[Problem to solve]
All of the data should be reproduced word for word, though its pictures must be omitted.

START Material for this exercise

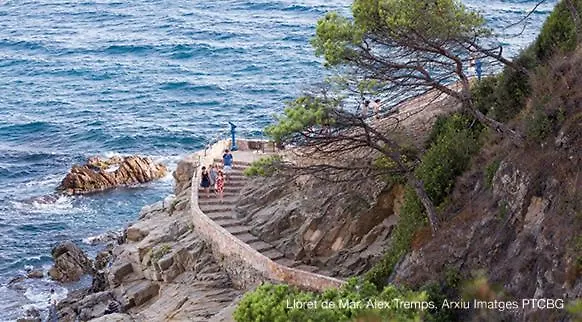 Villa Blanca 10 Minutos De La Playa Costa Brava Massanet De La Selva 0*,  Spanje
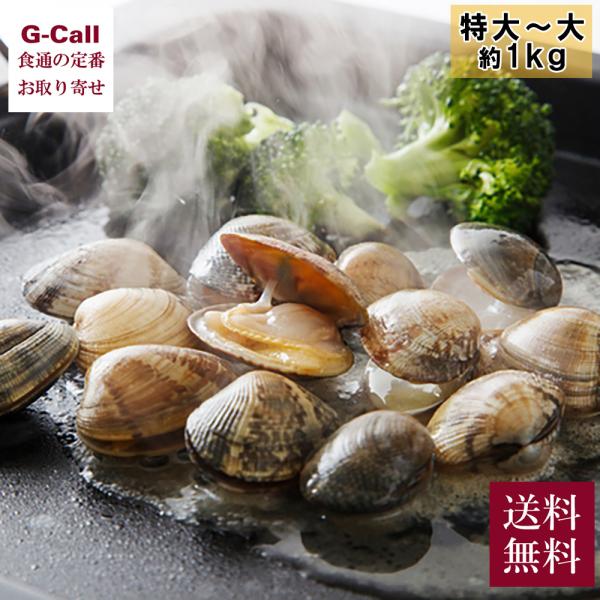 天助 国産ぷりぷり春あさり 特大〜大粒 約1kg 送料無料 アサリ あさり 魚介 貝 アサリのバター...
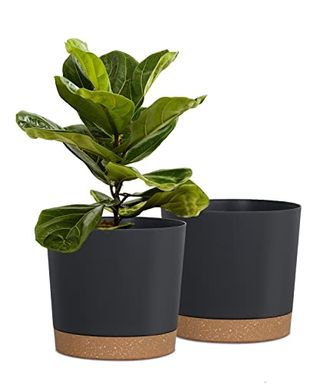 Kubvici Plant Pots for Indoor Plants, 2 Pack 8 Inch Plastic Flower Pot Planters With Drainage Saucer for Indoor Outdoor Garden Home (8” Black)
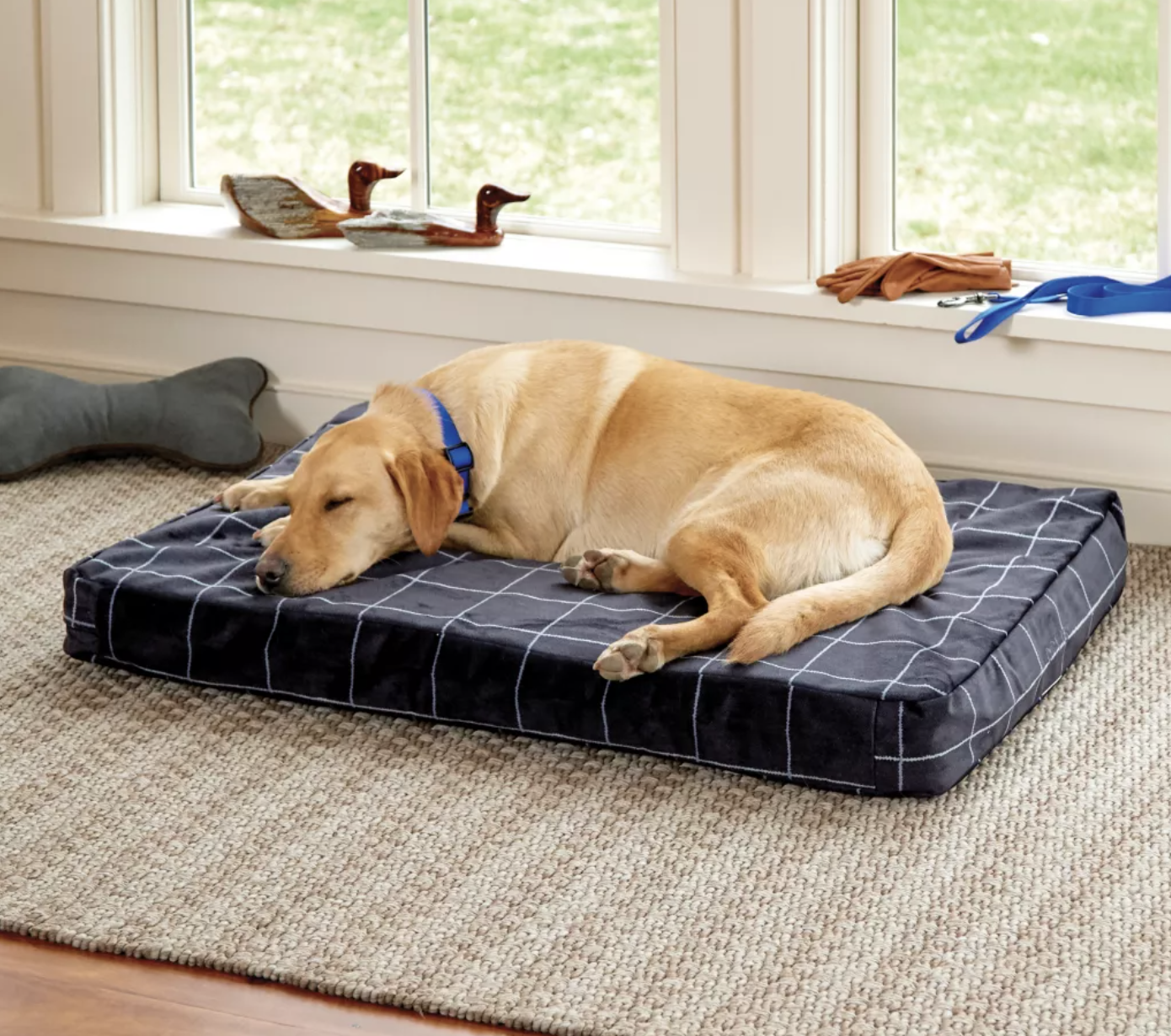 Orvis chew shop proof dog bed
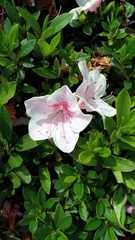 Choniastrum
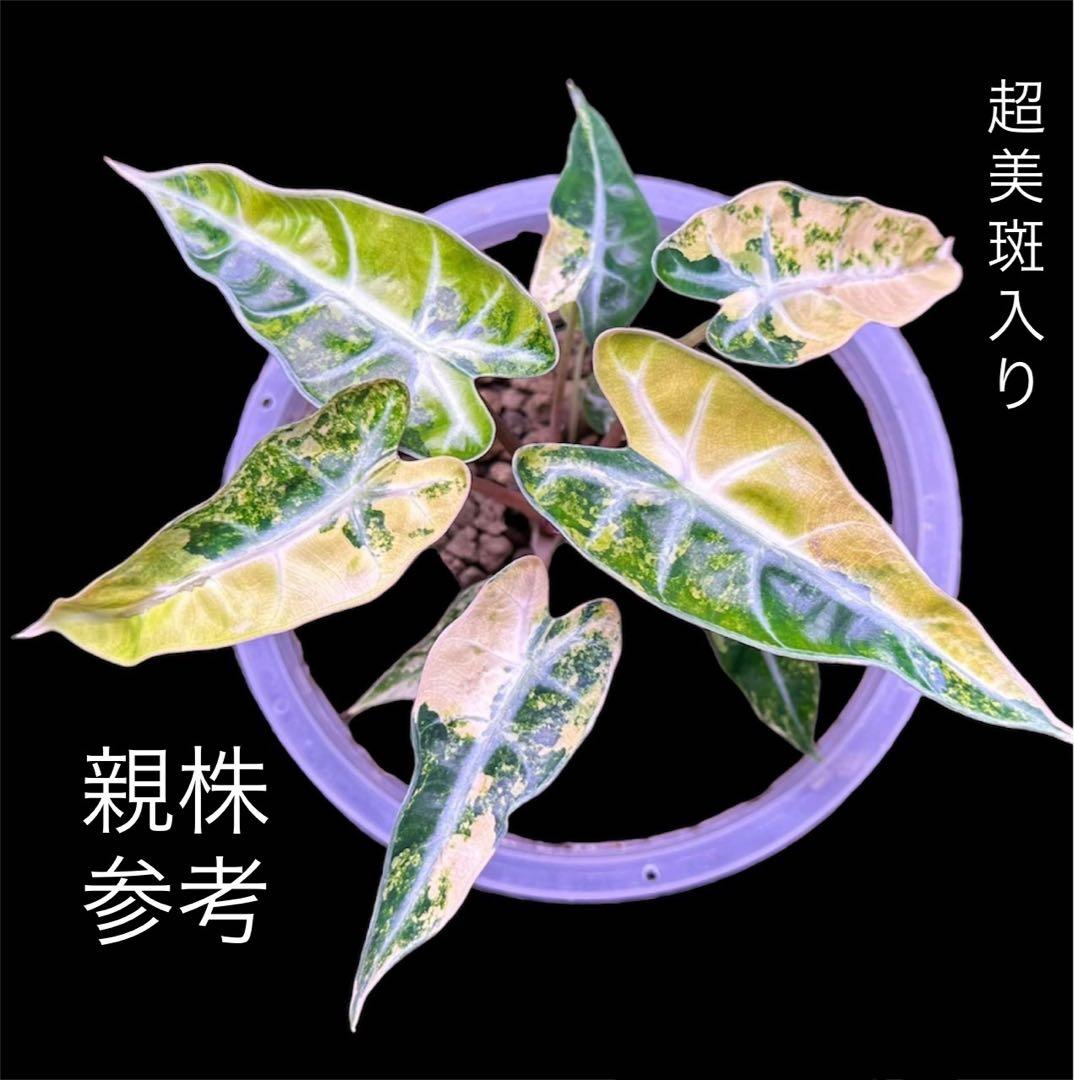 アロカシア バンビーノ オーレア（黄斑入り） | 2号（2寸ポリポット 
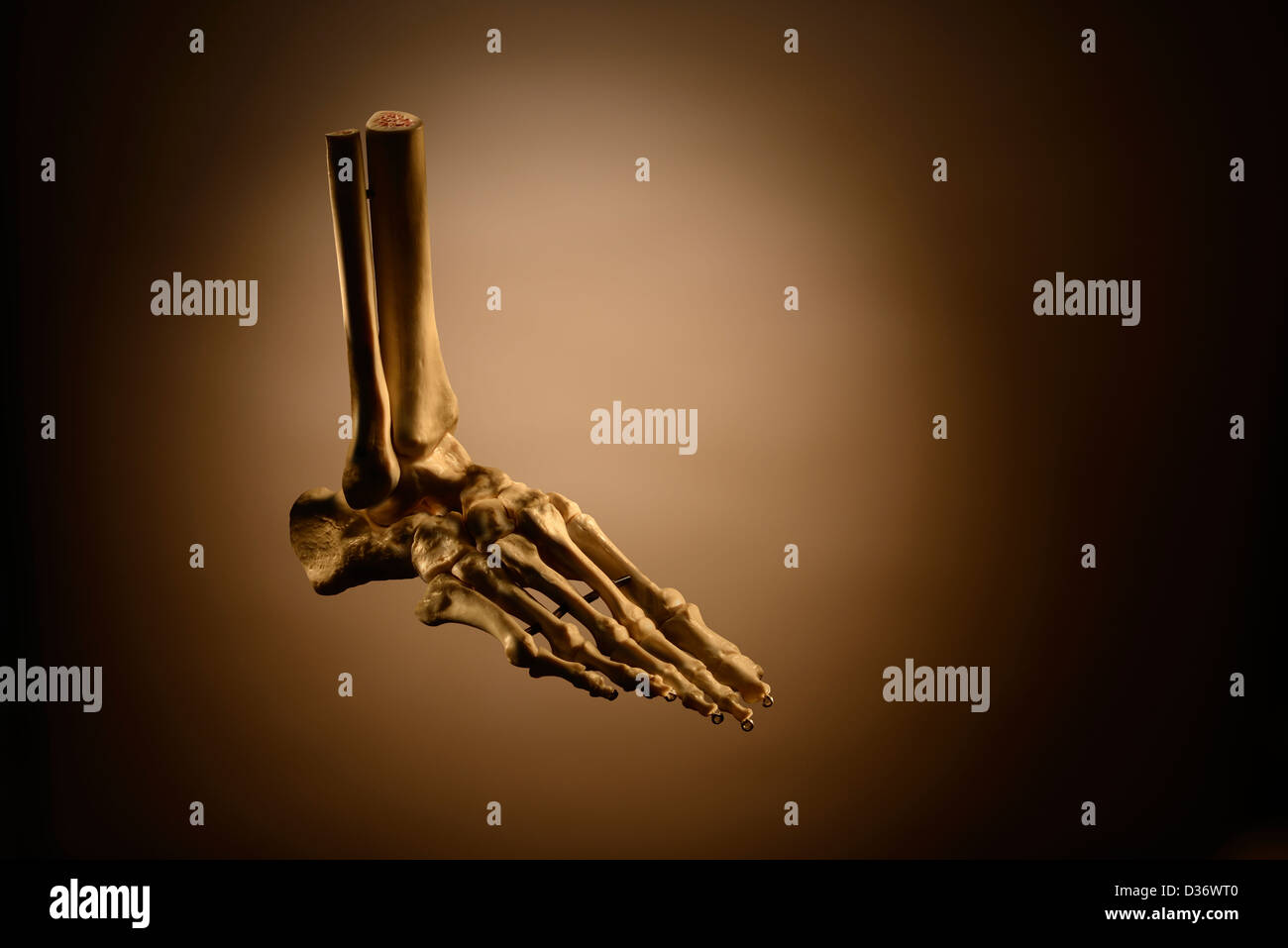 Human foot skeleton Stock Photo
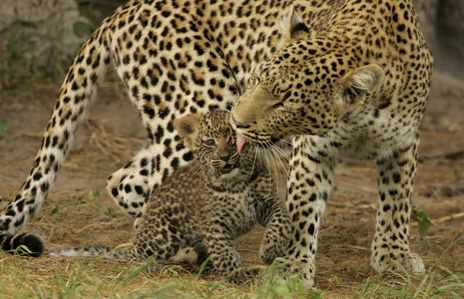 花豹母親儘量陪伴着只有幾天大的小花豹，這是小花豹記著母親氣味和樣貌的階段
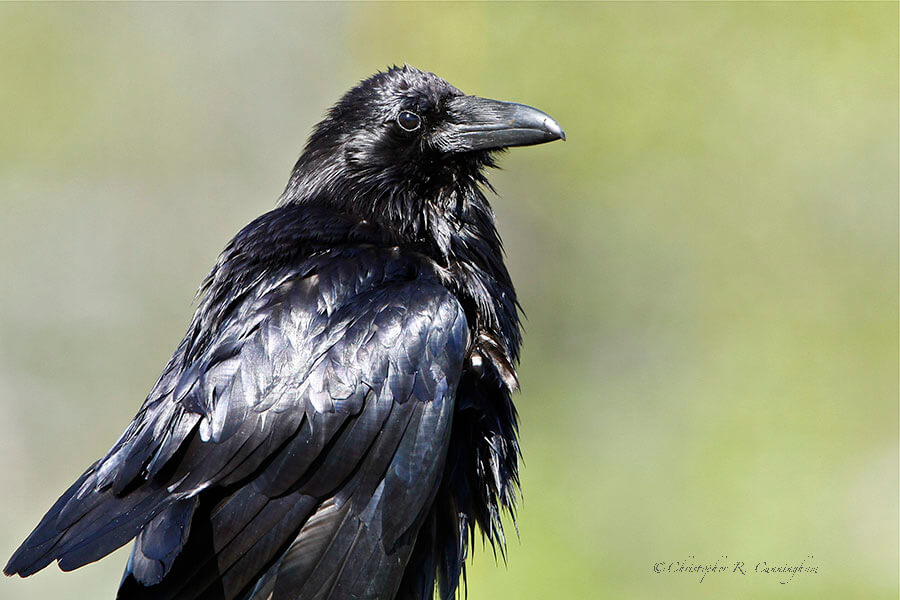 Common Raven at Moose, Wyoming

END Material for this exercise

[Result for this exercise]
 Villa Blanca 10 Minutos De La Playa Costa Brava Massanet De La Selva 0*,  Spanje
 天助 国産ぷりぷり春あさり 特大〜大粒 約1kg 送料無料 アサリ あさり 魚介 貝 アサリのバター...
 Kubvici Plant Pots for Indoor Plants, 2 Pack 8 Inch Plastic Flower Pot Planters With Drainage Saucer for Indoor Outdoor Garden Home (8” Black)
 Orvis chew shop proof dog bed
 Choniastrum
 アロカシア バンビーノ オーレア（黄斑入り） | 2号（2寸ポリポット 
 Human foot skeleton Stock Photo
 花豹母親儘量陪伴着只有幾天大的小花豹，這是小花豹記著母親氣味和樣貌的階段
 Common Raven at Moose, Wyoming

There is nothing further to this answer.